06 de agosto. Playa de los muertos.
Pasado Carboneras y después de una carretera sinuosa en la
que puede verse, en ocasiones, la costa muy abajo, llegamos a un aparcamiento
donde coches esperan el turno para entrar en un aparcamiento al aire libre
y donde el ayuntamiento cobra cuatro euros por aparcar. Sacamos todo el equipaje
necesario para pasar unas horas en la playa: neveras, sombrillas y un largo
etcétera. La playa, natural y de difícil acceso, está a veinte minutos
caminando por una senda llena de rocas. ¿Cómo pudo llegar el hombre blanco al
nacimiento del Nilo con aquellos bártulos? Creo que la respuesta está en que no
había mujeres, o al menos no eran como Mary Kingsley, y no había niños (y
tenían porteadores). El reguero de gente es continuo y al llegar vemos que la
anchura entre dos enormes entrantes del mar, la playa, es de unos quinientos
metros y está a rebosar. Para establecernos no tenemos más remedio que molestar
a los que, como nosotros, han ido a estar solos en una playa exclusiva.

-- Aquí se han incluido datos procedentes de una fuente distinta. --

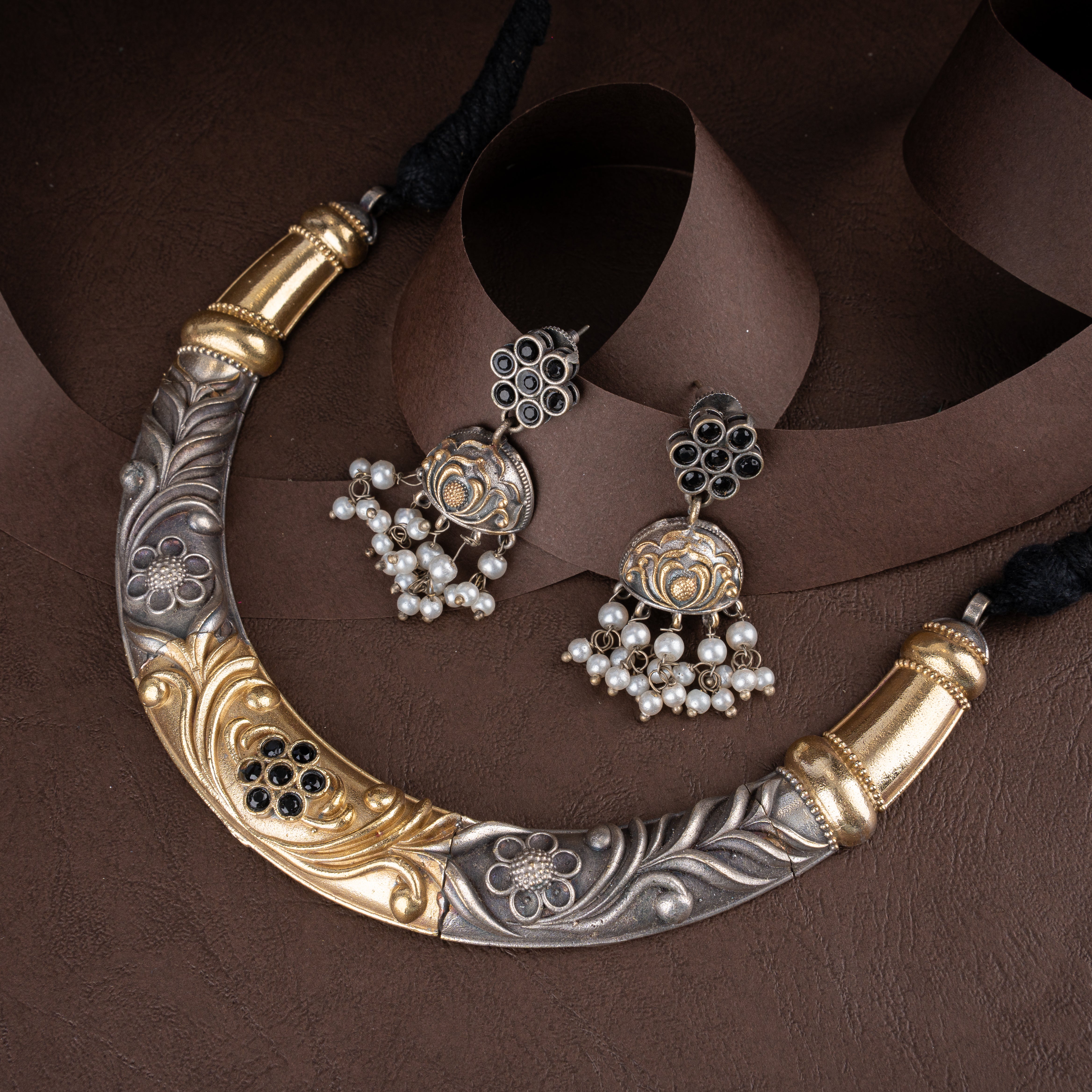 Hand-Carved Mughal Foliage Collar Hasli Necklace Set with Pearl Drops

Hay
tantas piedras y tan bonitas que me llevaría un buen montón pero no podría
transportar ni un gramo más a la vuelta sabiendo que encima es cuesta arriba.
Al principio nos
acompaña el mal humor pero para eso hemos llevado las neveras. Sacamos un
estupendo vino blanco, unas patatas y unos nachetes y pronto, después de los
brindis, reímos como niños; más que ellos. En ocasiones es necesario echar un buen trago.